これらのAIエージェントは、自動で情報や判断を共有し、連携して作業を進めることができます。たとえば、Identity Agentが加盟店の身元を確認すると、Compliance Agentは直ちに規制チェックを開始し、Risk Agentは業務リスクを評価する、といったプロセスが手作業を介さずに同時進行で行われます。結果、新規の加盟店にとってフリクションの少ない、迅速かつ正確なオンボーディングが実現され、同時に企業はコンプライアンスを遵守できます。

開発者・構築者にとっての変化

決済プロバイダーは、業界で最も高度なAI駆動型システムの開発競争を繰り広げています。勝者を分けるのは、単に技術の高度さだけでなく、信頼を獲得しつつ、体験をシンプルでシームレス、かつ国境を越えて提供できる能力です。リーダーとなるのは、適応性が高く、透明性があり、設計段階からインテリジェントなインフラを構築できる企業です。


自律性と説明責任の両立

KPMGの2025年におけるAIに対する意識調査によると、世界の半数以上の人々が依然としてAIを信頼していません。決済業務をAIに任せることへの不安はさらに大きいと考えられます。

決済においては、透明性と説明可能性が不可欠です。AIがユーザーに代わって自律的に意思決定し、機密データを扱い、取引を完了させるような状況では、ユーザーや規制当局がシステムを信頼できることが求められます。そのため、開発者は、単に高度な技術を持つだけでなく、透明性が高く、信頼でき、理解しやすいプラットフォームを設計する必要があります。

シンプルさがカギ

各プロバイダーは、自社プラットフォームに高度な知能を組み込む競争を繰り広げています。
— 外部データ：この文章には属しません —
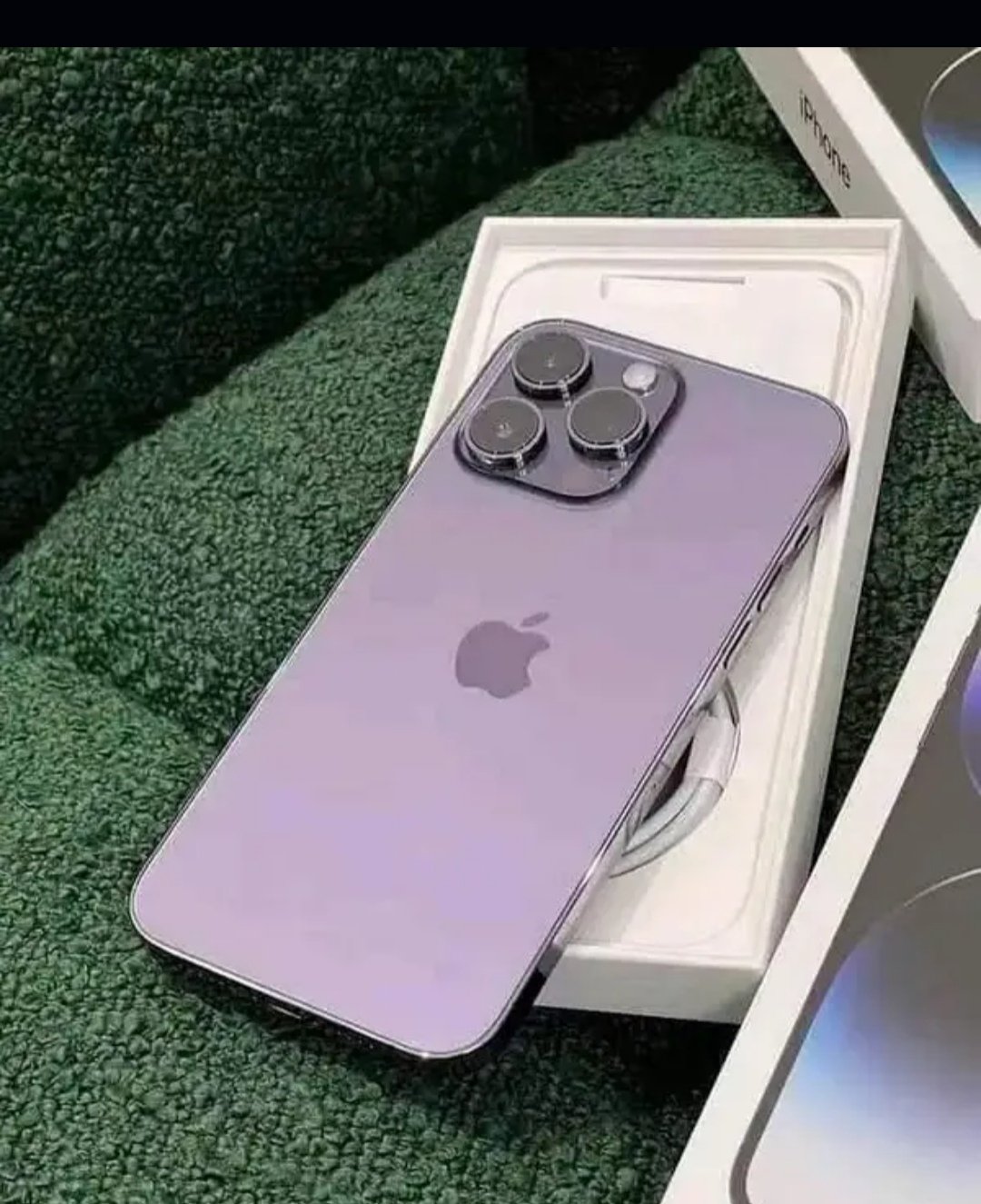 I phone 14 Pro Max for sale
しかし、機能が増えると同時に複雑さも増すのが常です。銀行アプリ、決済ダッシュボード、企業向け財務システムなどにおいて、開発者が直面する真の課題は、賢いシステムを提供しながらも、ユーザーにとってシンプルに感じられる体験を実現することです。

これは単なるインターフェースデザインの問題にとどまりません。ワークフローや自動化、意思決定のロジックを構造化し、ユーザーが混乱することなく明確さを感じられるようにすることが重要です。システム全体が直感的に設計されていると、ユーザーは主体的に操作できるという感覚を得られます。

導入時点からの相互運用性とプログラム対応コンプライアンス

これからの決済は、孤立したシステムの上に構築されるものではありません。地域や通貨、決済ネットワークを越えて適応、接続、運用できるインフラが基盤となります。開発者は、真の相互運用性を備えたプラットフォームを設計し、クロスボーダーやマルチレールの取引でも、ローカル決済と同じように自然でシームレスな体験を提供できるようにする必要があります。
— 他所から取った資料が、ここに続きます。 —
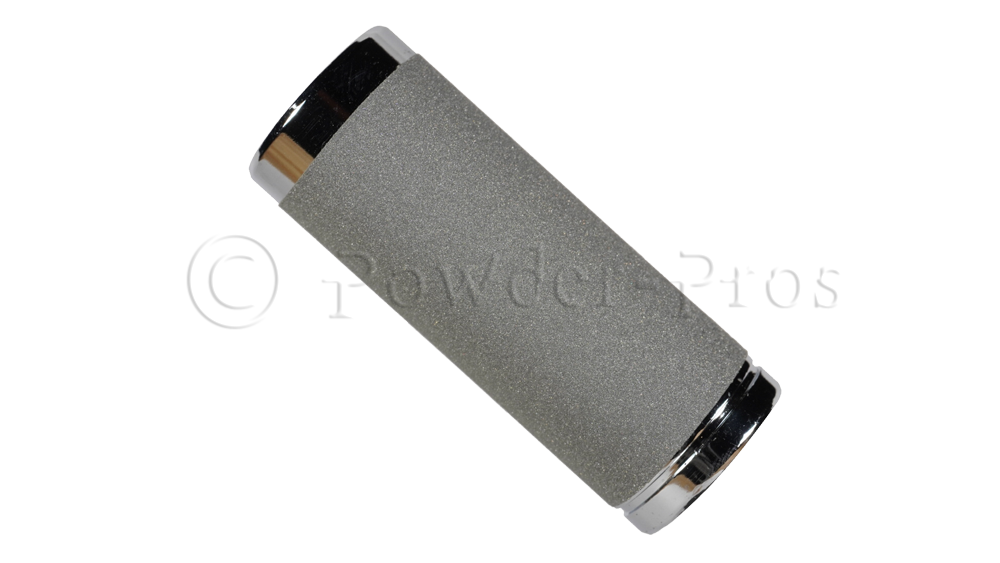 Bonded Pewter Powder Coat Paint - New 1 lb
コンプライアンスについても同じことが言えます。各国には独自の規制が存在し、そのルールは常に変化します。従来のように手作業のチェックや固定的なルールブックに依存するのではなく、次世代のプラットフォームではコンプライアンスをシステム設計に直接組み込む必要があります。ポリシーエンジンはモジュール化され、地域ごとに切り替え・設定可能であるべきで、更新もシステム全体の再構築なしに自動的に反映されることが求められます。

新興技術は、まるでドミノ倒しのように決済の景色を塗り替え、消費者の支払い方法、企業の収金手段、プロバイダーのソリューション構築のあり方を変革しています。これらのトレンドは将来の方向性を示していますが、予期せぬ変化は常に突然訪れます(しかも、時には何の前触れもなく飛び込んできます)。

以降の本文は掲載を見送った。